Jad makes a solid presentation on the cantonization and
bantustanization of lands in the West Bank and Gaza by the occupation
forces. He uses GIS mapping technologies, with a particular emphasis on
the Bethlehem district, to illustrate his point. During the first
intifada Jad was an activist with the popular neighborhood committees.
He organized 'community gardens' which quickly became a small form of
civil disobedience designed to create community spirit and challenge
the directives of the occupation authorities. For such an 'act' he
landed himself in prison for six months of 'administrative detention'.
Now Jad has the comfortable mannerisms of PA functionaries. He is a
gracious host, but there is no doubt who the boss is in ARIJ's offices.
Assistants are constantly milling about, whispering in his ear,
bringing drinks and cheques to be signed.

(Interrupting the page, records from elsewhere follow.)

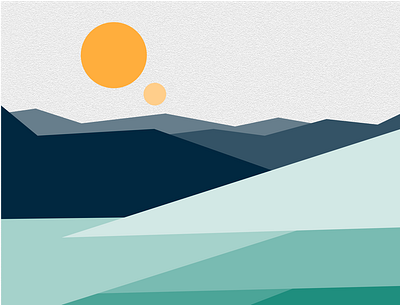 Double Sun adobe illustrator design landscape minimal modern mountains ocean scenery vector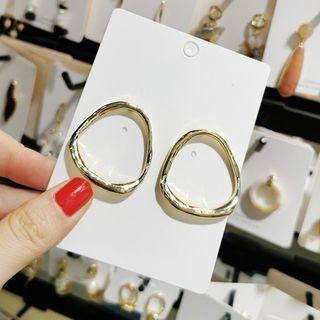 Irregular Alloy Hoop Earring 1 Pair - As Shown In Figure - One Size
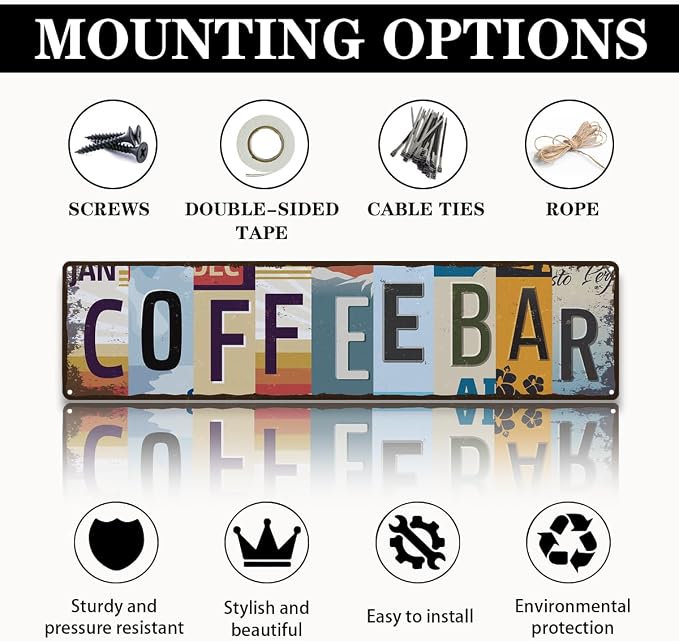 Coffee Bar Sign for Coffee Bar Decor, Retro Tin Metal Sign, Rustic Farmhouse - Image 3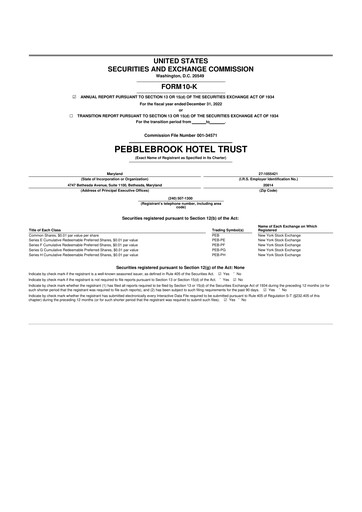 Thumbnail Pebblebrook Hotel Trust 10-K Annual Report 2022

This is my first encounter with the civil-society types in the
Bethlehem-East Jerusalem-Ramallah corridor. The people in this region,
especially in Beit Sahour, where instrumental in giving shape to the
first intifada, especially in its early years. They led tax-revolts
against the occupation authorities and launched a whole series of
remarkable civic initiatives. Since Olso, however, this sector has
become more distant from ordinary Palestinians. Donors filling the
coffers of these organizations and many becoming implicated with the
now discredited Oslo era. There's a sense that they are fighting
against the tide, frustrated by the lack of vision among the
Palestinian political class and the increasing support that the popular
sectors are lending to the armed struggle and the Islamic movement.